Информант: Мне больше запомнился довоенный период…

Интервьюер: Да, это тоже интересно очень.

Информант: Потому довоенный, потому что я родилась 15 ян… этого, октября 27-го года, Мойка 22, это рядом с Капеллой. И окна у нас выходили на Дворцовую площадь.


Можно предположить, что такое начало рассказа служит своего рода извинением Марии Михайловны, знающей, что, несмотря на прозвучавшую просьбу описать историю жизни, интерес исследователя к ее биографии инициирован именно наличием в этой истории блокадного опыта. Долгое повествование о другом периоде жизни может быть расценено ею как нарушение ожиданий интервьюера. Таким образом, имплицитно в этой фразе присутствует блокада: Мария Михайловна хочет сказать, что довоенное время помнится ею больше, чем блокадное. Лучшую сохранность в памяти довоенных воспоминаний сама Мария Михайловна аргументирует их нестандартностью: живя на набережной реки Мойки, в квартире с окнами, выходящими на Дворцовую площадь, она с детства могла наблюдать события, недоступные взору большинства, и участвовать в них. Возможно, Мария Михайловна заранее чувствует, что много говорить о блокаде окажется для нее сложным.

Можно также предположить, что акцентированная таким образом самой Марией Михайловной точка отсчета рассказа о жизни, лежащая в довоенном времени, маркирует значимость этого опыта в ее биографической конструкции. Возможно, довоенное время является для Марии Михайловны более важным периодом в конструировании ее сегодняшней, обращенной в будущее биографии, чем блокадный, и об этом она сразу хочет сказать. Доказать или опровергнуть эту гипотезу мы сможем, обратившись к дальнейшему анализу текста интервью.

Еще до того, как перейти к описанию декларированного вначале нестандартного опыта, Мария Михайловна сообщает о том, что ее довоенные воспоминания существенно разделены некоторым поворотным моментом на историю «до» и «после» неназванного сразу события:


Информант: И у нас на нашем вот этом мосту-то останавливалась машина, к которой всегда мы подбегали, ребята, мы: тогда еще не было, не закрывали нас, как потом стали там закрывать и сидеть у нас в комнате милиционеры, и не могли мы ни подойти ни к окошку, ничего, и окна открыть, жарко или холодно, ничего. И, значит, мы подбегали, приезжал дядя Киров.

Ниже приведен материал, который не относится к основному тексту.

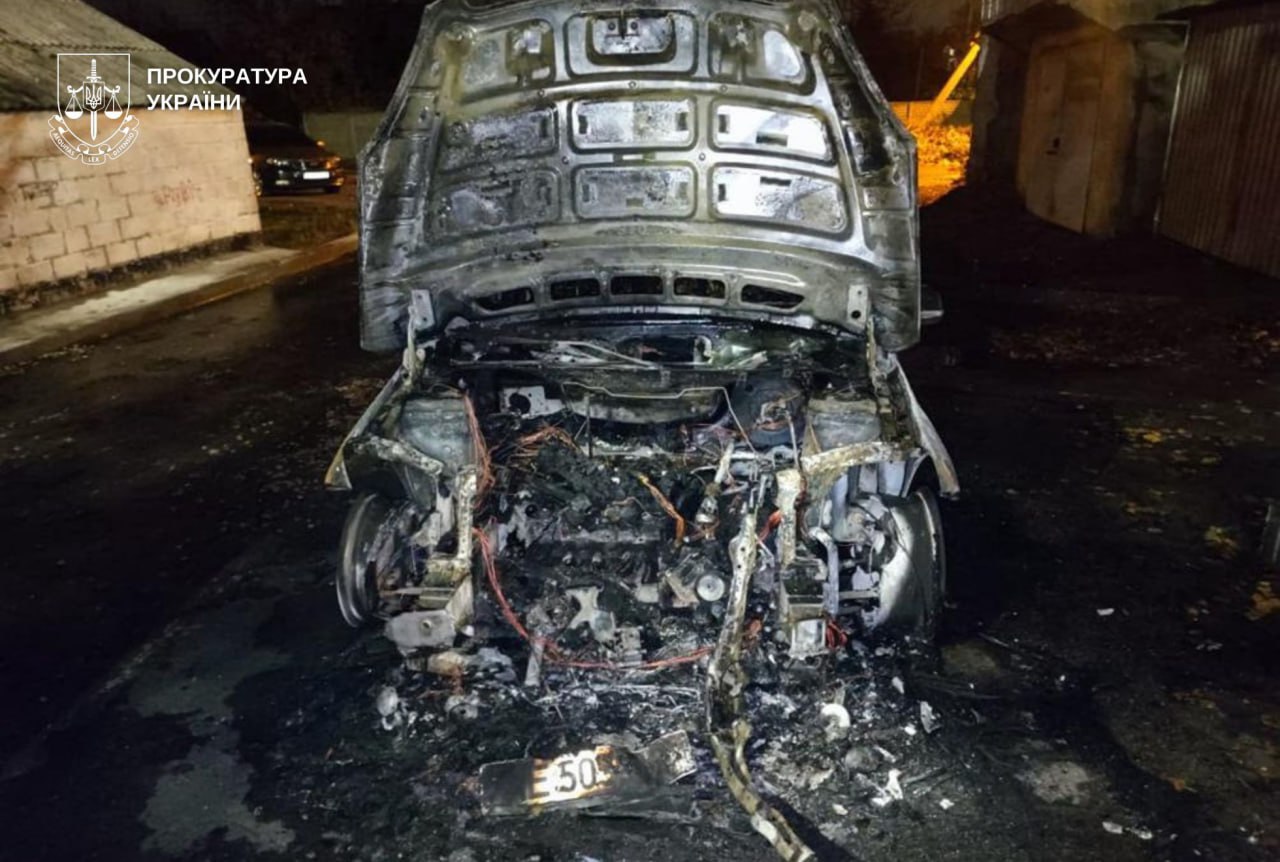Підпал елітних автівок на замовлення: у Дніпрі затримали підозрюваного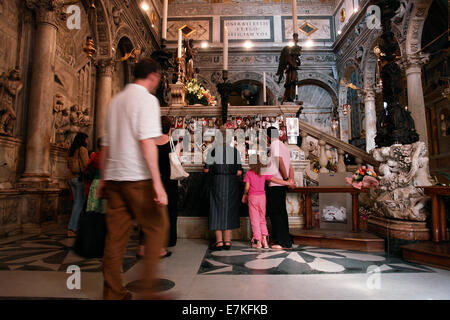 Tombe de Saint Antoine de Padoue dans la Basilique de Sant'Antonio, Padoue, Vénétie, Italie Banque D'Images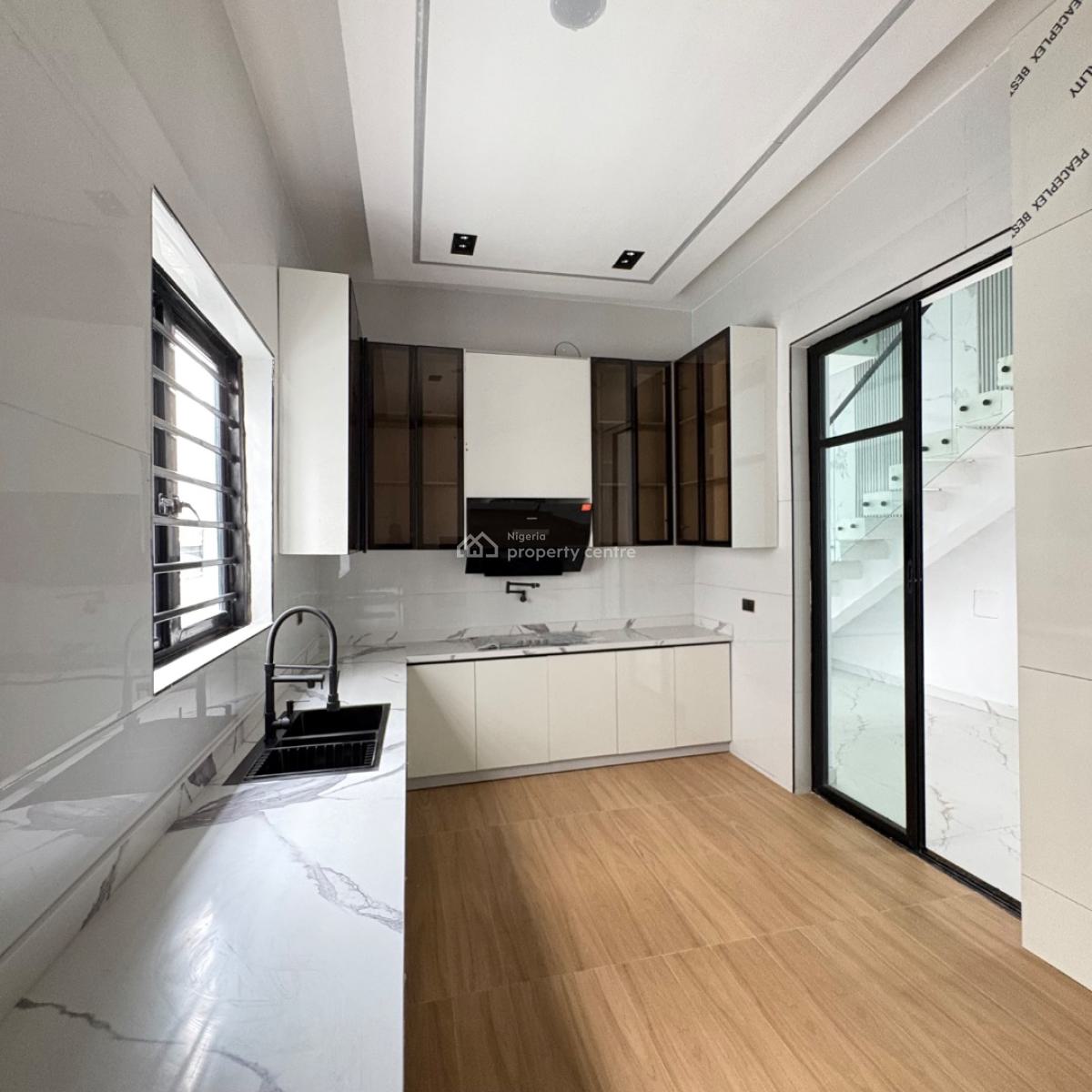 5 Bedroom & Bq, Vgc, Lekki, Lagos, Detached Duplex for Sale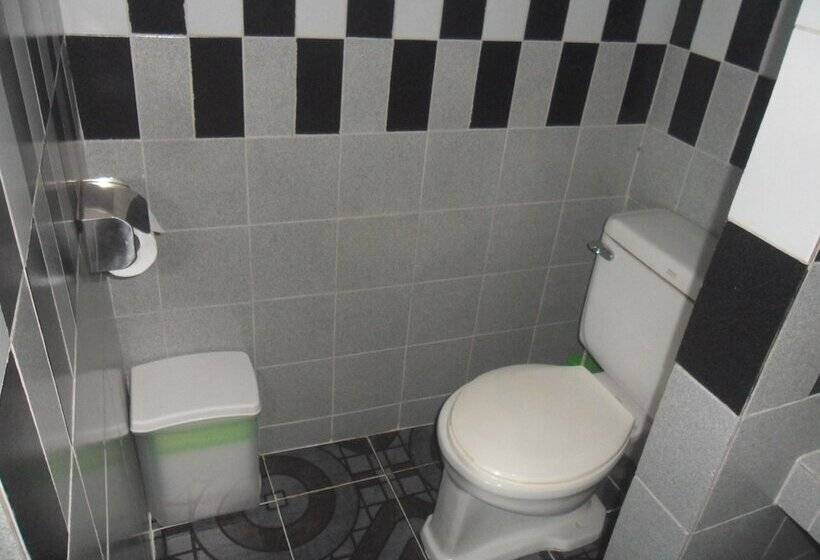 ホテル Blu' Beach Bungalows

Ее дальнейший рассказ повествовователен: она рассказывает о событиях, приводит описания ситуаций, не прерывая нарратив ни рассуждениями, ни оценками[12]: Мария Михайловна рассказывает о том, как приезжала на Дворцовую площадь машина Кирова, как ребятишки имели возможность погудеть сиреной его автомобиля, как все соседи по ее большой коммунальной квартире смотрели из своих окон на праздничные демонстрации. В ее описаниях присутствуют как светлые, радостные моменты (описания идущих и поющих на празднике людей), так и тяжелые (история о том, как она видела раздавленных в толпе во время одной из демонстраций). И все-таки общее ощущение, возникающее от рассказа Марии Михайловны о ее довоенных впечатлениях, — речь идет о ярких и скорее счастливых детских воспоминаниях. Далее повествование прерывается:


Информант: А потом уже… (Пауза.) Ну потом вообще страшные годы стали. Очень страшные стали годы. (Плачет.) Простите, пожалуйста.


Дав сразу общую оценку времени («страшные годы»), Мария Михайловна не может перейти к рассказу о событиях этого периода и плачет. Запись интервью приходится на время остановить. Вернувшись через несколько минут, она продолжает свой рассказ все еще без вопросов интервьюера и возобновляет его описанием эпизода прощания с телом убитого Кирова, происходившего в одном из залов Таврического дворца. Видимо, этот момент можно считать тем самым ранее не названным поворотным моментом, маркирующим переход от жизни «до» к жизни «после» — «страшным годам». «Выходом» рассказа в современность прямо подчеркивается значимость этого воспоминания в нынешней жизни Марии Михайловны:


Информант:…22-я квартира и 23-я на четвертом этаже, и она нас собрала и повела в Таврический[13]. Ну тут я, вот очень долго не была в Таврическом, а потом уже, в какие-то тут годы последние, была там елка, и я дочке сказала: «Купи мне с внуком билет, я хочу вспомнить этот, тот зал был или нет». (Плачет.) И когда мы вошли туда, в зал уже, я увидела вот эти колонны, и я вспомнила, что вот как вот, ну где он там стоял и где нас обводили. Мы, конечно, не плакали, мы так были всей этой обстановкой зажаты… Ну вот, а после смерти Кирова все началось такое.